Records provided:
────────────────────

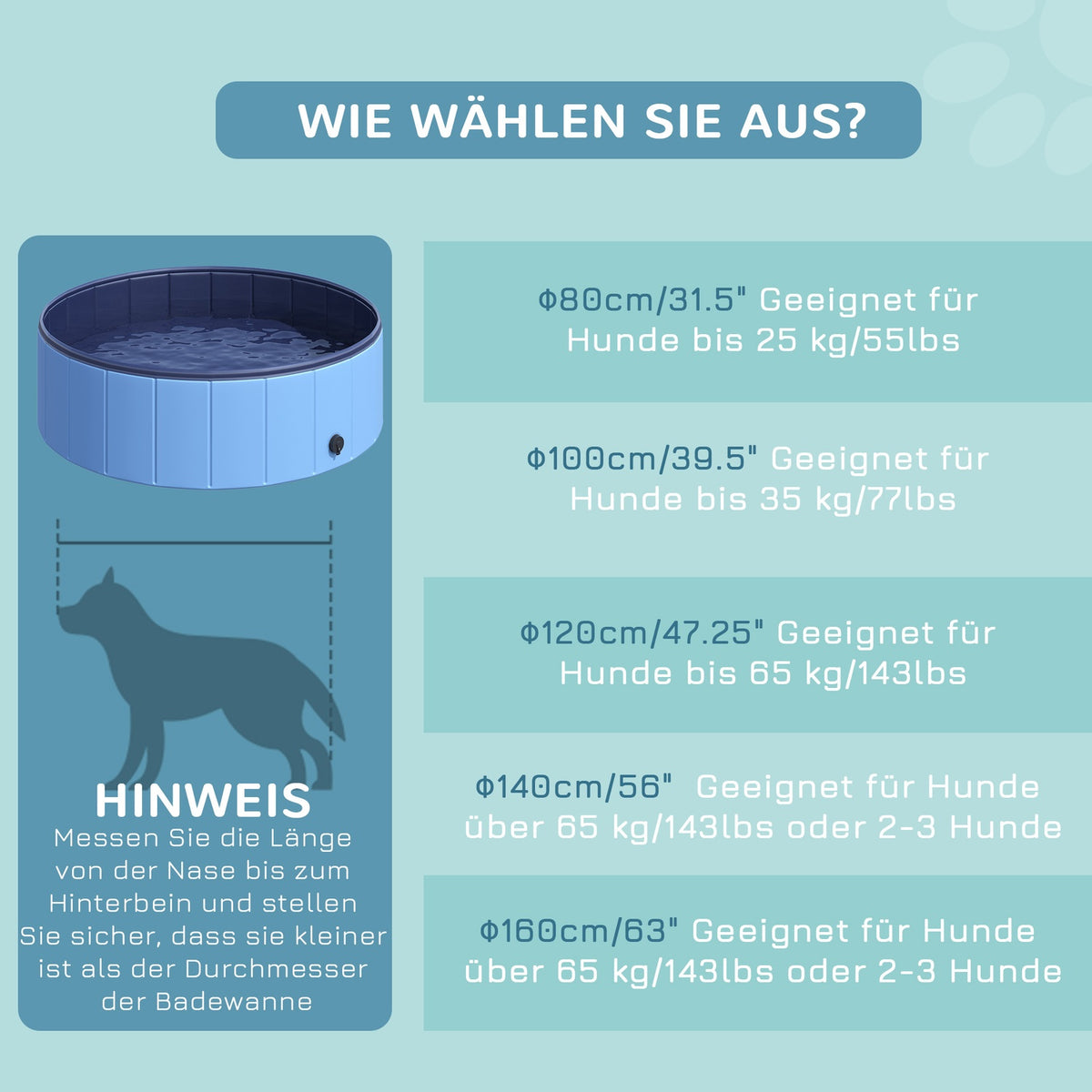 Dog Pool Paddling Pool For Dogs, Swimming Pool Made Of Pvc + Wood, Blue, Ø100Xh30 Cm, Perfect For Hot Days
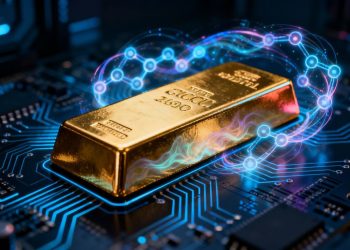 Barre d'or sur fond de circuit imprimé numérique et de nœuds blockchain.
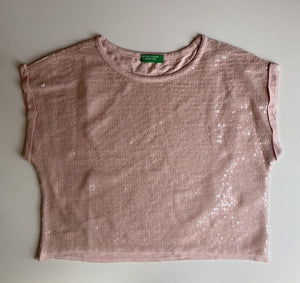 United Colors of Benetton kids girls size 7-8 years pink sequin cropped top VGUC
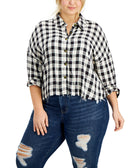 Love, Fire Women Plus Raw Hem Plaid Button Down Top Black White Plaid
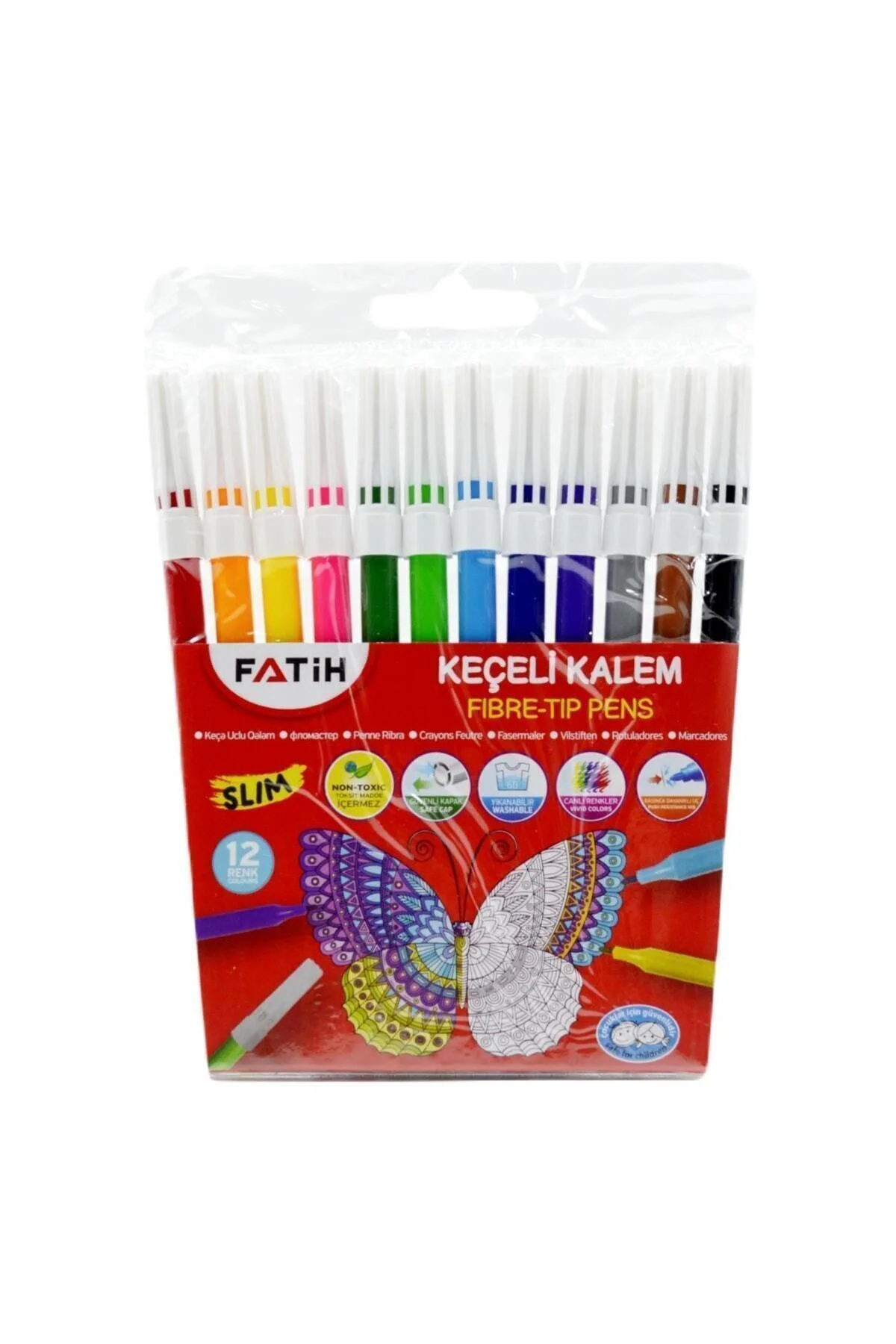 Slim Keçeli Kalem 12 Renk (34015)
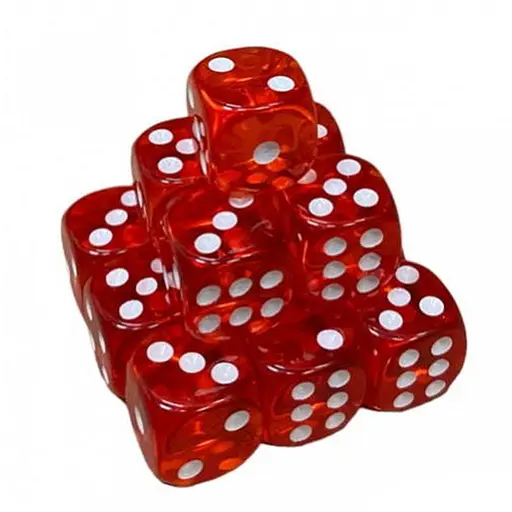 Настольная игра Games 7 Days Кубик D6 прозрачный с точками (красный) , 1 шт. (g7dtransd6dotsred) - фото 1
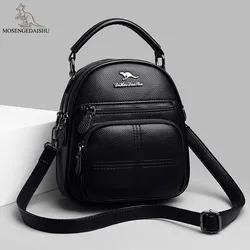 Multifunction Women Backpack Famous Brand Mini Bookbag Luxury School Bags for Girls High Quality Leather Crossbody Shoulder Bag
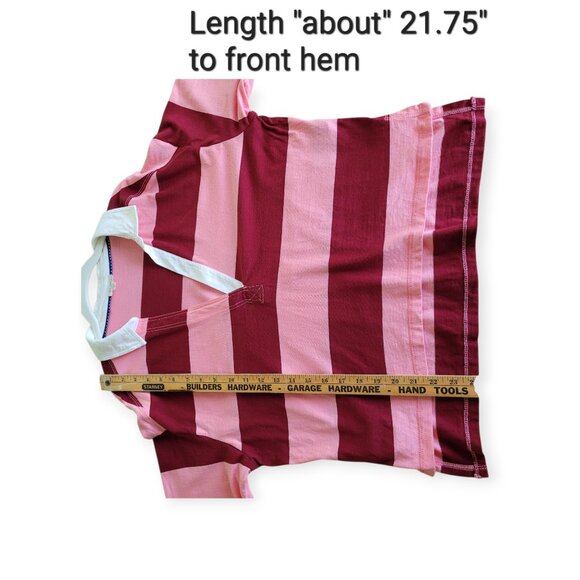 Anthropologie Pilcro Pink Red **Rugby Shirt** Size S - Picture 7 of 10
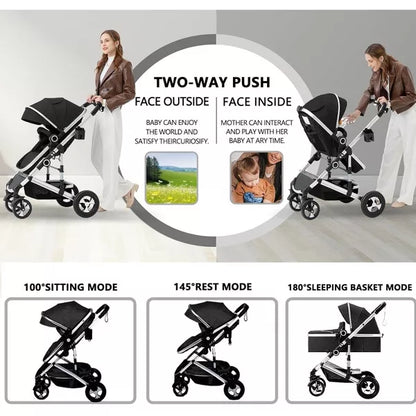 Kinder King Cozi 2 Convertible Baby Stroller, Folding High Landscape Infant Carriage, Adjustable Canopy, Diaper Bag, Anti-Shock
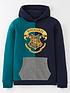  image of harry-potter-boys-harry-potter-cut-and-sew-chest-print-hoodie-navy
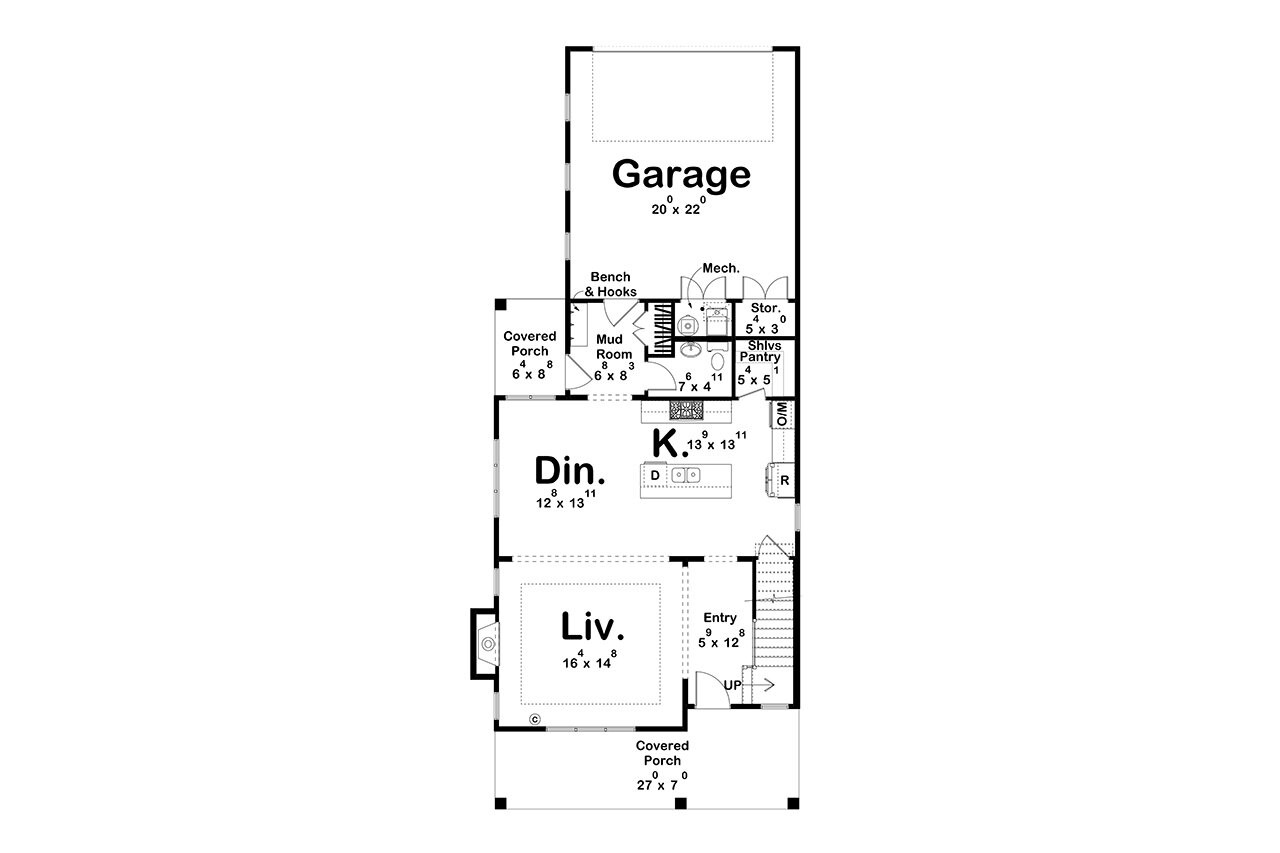 Farmhouse House Plan - Sugarcrest 81771 - 1st Floor Plan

────────────────────

How to complete this task:
All that is wanted is the lines from the one holding "Anthropologie Pilcro Pink" through the end of the material, duplicated exactly, with no pictures.

Finished task:
 Anthropologie Pilcro Pink Red **Rugby Shirt** Size S - Picture 7 of 10
 Kinder King Cozi 2 Convertible Baby Stroller, Folding High Landscape Infant Carriage, Adjustable Canopy, Diaper Bag, Anti-Shock
  image of harry-potter-boys-harry-potter-cut-and-sew-chest-print-hoodie-navy
 Farmhouse House Plan - Sugarcrest 81771 - 1st Floor Plan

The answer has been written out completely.